Magnussen was effusive in his praise, remarking that he was “incredibly proud of the team for the job they’ve done over the winter.” With so little resources and people and budget, it’s an amazing job”, having displayed strong speed through testing at Barcelona. The Dane cautioned that “we need to keep it consistent and make sure we can get the performance… at every race.”

Considering Haas’ close technical affiliation with Ferrari, it will be fascinating to see whether the customer car debate is reignited pending its fortunes in coming races, with many having noted its strong chassis similarities since entering Formula One in 2016.

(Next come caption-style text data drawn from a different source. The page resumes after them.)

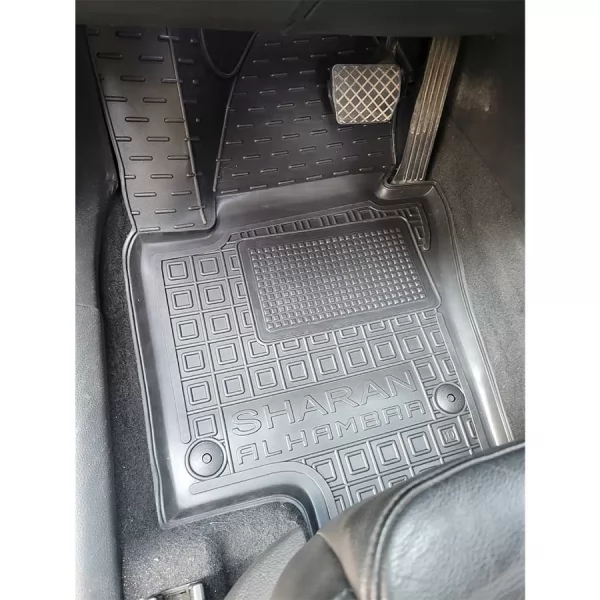 Килимки салону поліуретанові водій 3d SEAT (Сеат) Alhambra (2010>) - 8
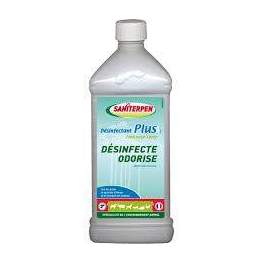 Saniterpen disinfectant plus freshness green 1 litre - Saniterpen - Référence fabricant : 174201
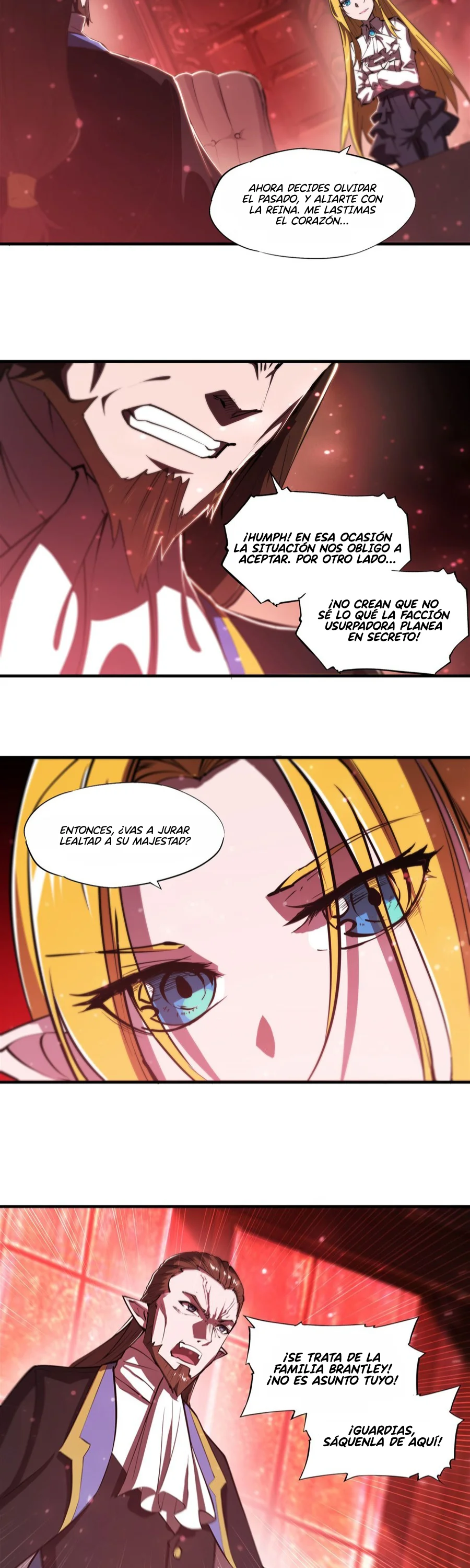 The Blood Princess And The Knight Capítulo 241 - Page 5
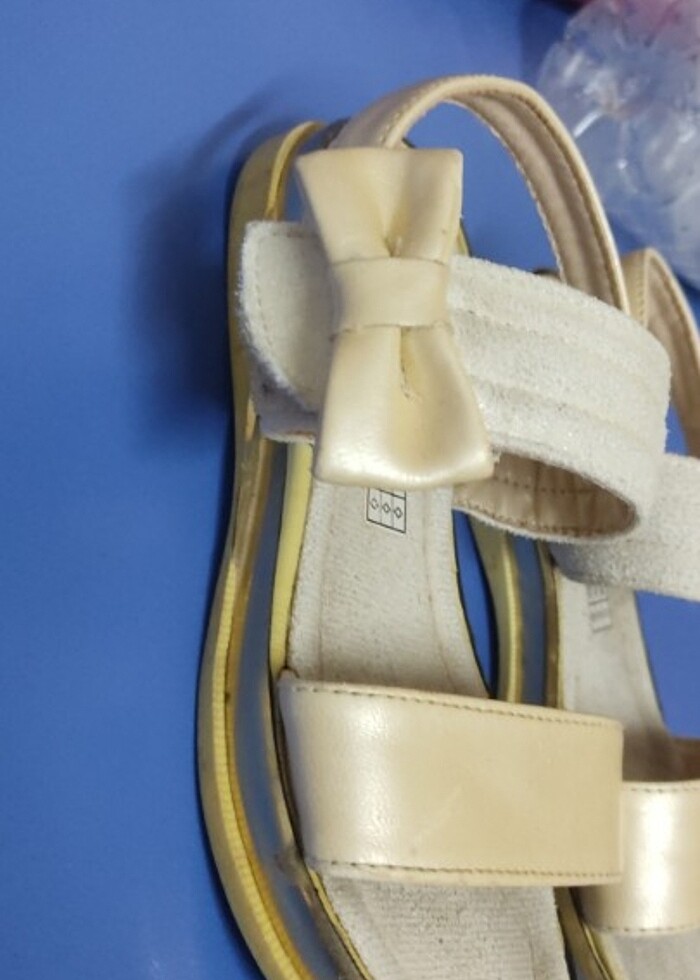 Kız çocuk sandalet  - Görsel 2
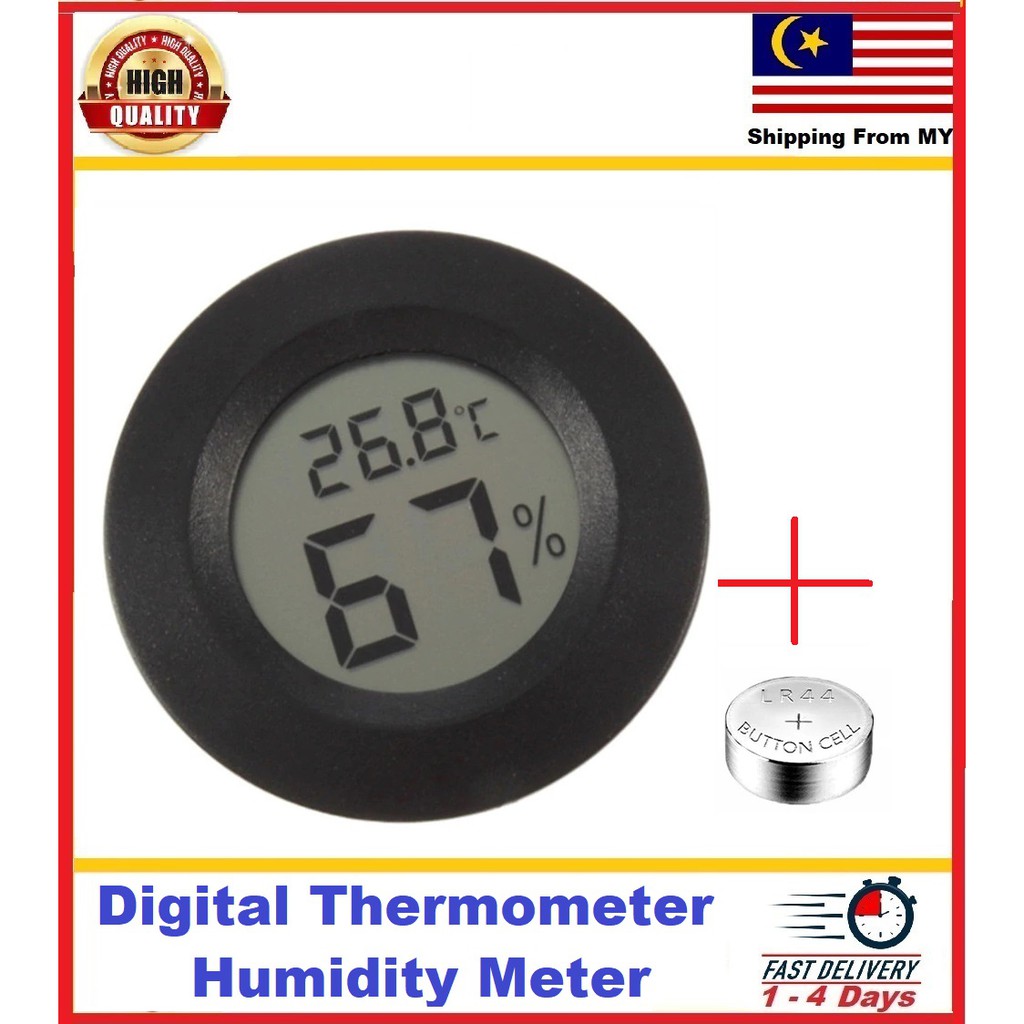 Mini LCD Digital Thermometer Hygrometer Temperature Meter Aquarium Fridge Freezer tester Temperature Humidity Meter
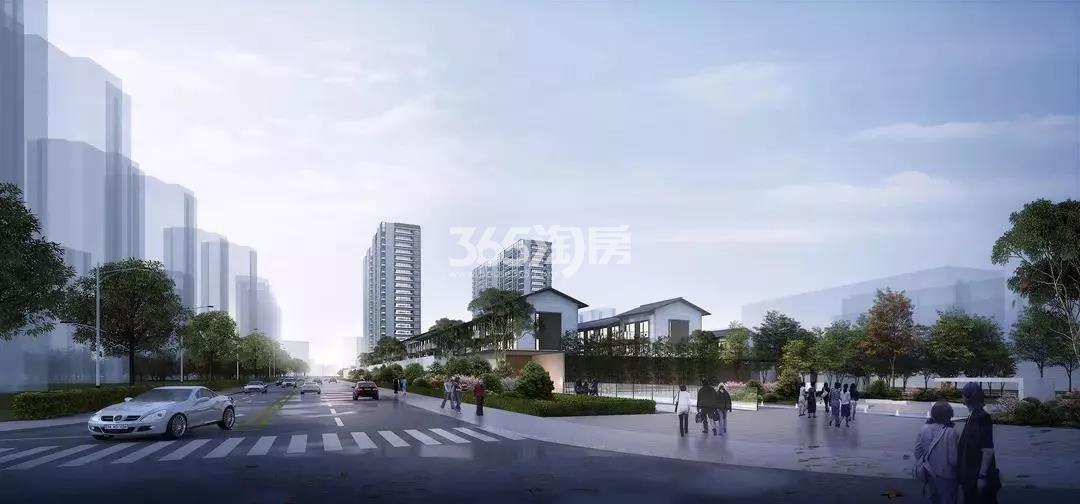 万科西望效果图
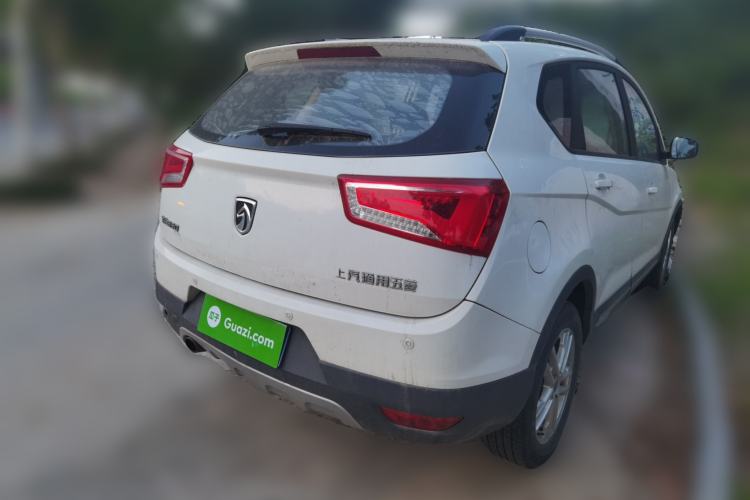 Used Baojun 560 2016 1.8L Manual Comfort Edition Rear Right 45 Deg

Fernando Alonso admitted his frustration at being outpaced on Saturday, the Spaniard claiming that Haas “have obviously a Ferrari replica of last year.” The reality is that many teams have adopted Ferrari’s design philosophy this season, though none more so than the Charlotte based outfit.

Grosjean cited that “it’s the same thing every time we’re fast”, the Frenchman adding that “it’s not true and it’s not nice for the people that work at Haas”, emphasising the need to “keep pushing”, rather than being content with its progress.

This is a shame, as the team has bucked the trend of new entrants making up the numbers, and it possesses two of the most underrated drivers on the grid, yet results will remain conspicuous in their prominence as long as the association remains.


Aside from provoking the argument over gaining an unfair advantage, there will come a time when Haas must stand on its own two feet and assume greater autonomy, with a logical start date occurring in 2021 in tandem with the sport’s next set of regulations.

There’s a case for the team to seek out a works partnership with a manufacturer which could be enticed to enter at that time if the regulations are attractive, and collaboration with an identity such as Ford, forming an all-American combination, would make sense on many levels.

The operation will have had five seasons to consolidate its base by this date, more than enough experience to take its output to the next level if it is serious about contending for victories and championships in the long-term.

In the meantime, while Melbourne represented a missed opportunity, a little more polish has the ability to see Haas lay claim to fourth in the constructors’ standings, and with it, the inevitable politicking, but that’s something that can be dealt with when it comes to pass.